Search code examples
databasejoinnested-loops

why nr ∗ bs + br for block transfer in worst case Nested-Loop Join?


Considering the following join algorithm:

 For each r ∈ R do
    For each s ∈ S do
        if r.C = s.C then output r,s pair

nr is the number of tuples in R, br is the number of blocks in R

The textbook say that in worst case, the buffer can only hold one block and it takes nr ∗ bs + br times of transfer.

But I think, if the buffer can only hold one block,then every time after we finish loading the blocks in S, the block of R we loaded in before will be swapped out. Then if we want to visit the next tuple of R, shouldn't we load the block again even if we have loaded it before? ie I initially load the first tuple in R, in order to do so I need to load the first block in R; then I load the entire S, and compare their key. After I finish the inner loop, the first block of R has been swapped out, so when I try to load the second tuple in R, I need to load the first block again. Therefore I need load R every time when I try to access a tuple in R.

So why the worst case is not nr ∗ bs + nr?


Solution

  • In the worst case the database buffer can hold only one block of each relation. Hence let's assume that block is a block of R. Now for each tuple in R, we will check it for join condition with each tuple of S.

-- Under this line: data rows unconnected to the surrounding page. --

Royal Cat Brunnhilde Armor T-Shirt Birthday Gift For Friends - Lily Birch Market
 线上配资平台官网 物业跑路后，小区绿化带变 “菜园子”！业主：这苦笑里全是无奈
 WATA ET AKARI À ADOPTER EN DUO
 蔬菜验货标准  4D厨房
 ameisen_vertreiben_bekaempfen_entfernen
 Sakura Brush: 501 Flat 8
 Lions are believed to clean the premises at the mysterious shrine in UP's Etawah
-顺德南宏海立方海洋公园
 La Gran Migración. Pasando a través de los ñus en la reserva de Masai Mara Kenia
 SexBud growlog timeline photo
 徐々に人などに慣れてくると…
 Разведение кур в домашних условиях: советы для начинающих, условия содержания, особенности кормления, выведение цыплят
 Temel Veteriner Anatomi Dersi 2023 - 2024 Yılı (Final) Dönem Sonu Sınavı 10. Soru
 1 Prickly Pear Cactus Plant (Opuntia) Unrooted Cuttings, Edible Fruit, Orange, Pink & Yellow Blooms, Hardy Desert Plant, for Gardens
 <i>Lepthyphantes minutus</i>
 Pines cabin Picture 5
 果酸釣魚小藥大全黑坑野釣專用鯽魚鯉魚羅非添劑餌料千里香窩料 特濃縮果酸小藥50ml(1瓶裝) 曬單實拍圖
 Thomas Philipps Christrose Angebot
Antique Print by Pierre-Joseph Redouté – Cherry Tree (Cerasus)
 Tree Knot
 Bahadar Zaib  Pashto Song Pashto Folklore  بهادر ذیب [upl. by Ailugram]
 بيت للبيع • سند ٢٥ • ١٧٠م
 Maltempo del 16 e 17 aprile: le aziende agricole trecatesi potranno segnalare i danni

    Buffer has 1 block of R and 1 block of S.

    Total blocks of R = B(R)
    Total tuples in R = N(R)
    Total blocks of S = B(S)
    
    R X S is done.
    

    There are 2 spaces in the db buffer. 1st space can be filled B(R) no. of times. 2nd space will be filled N(R) X B(R) no. of times as each tuple in R will be matched with each tuple in S.

    Hence B(R) + N(R) X B(R) disk accesses will take place.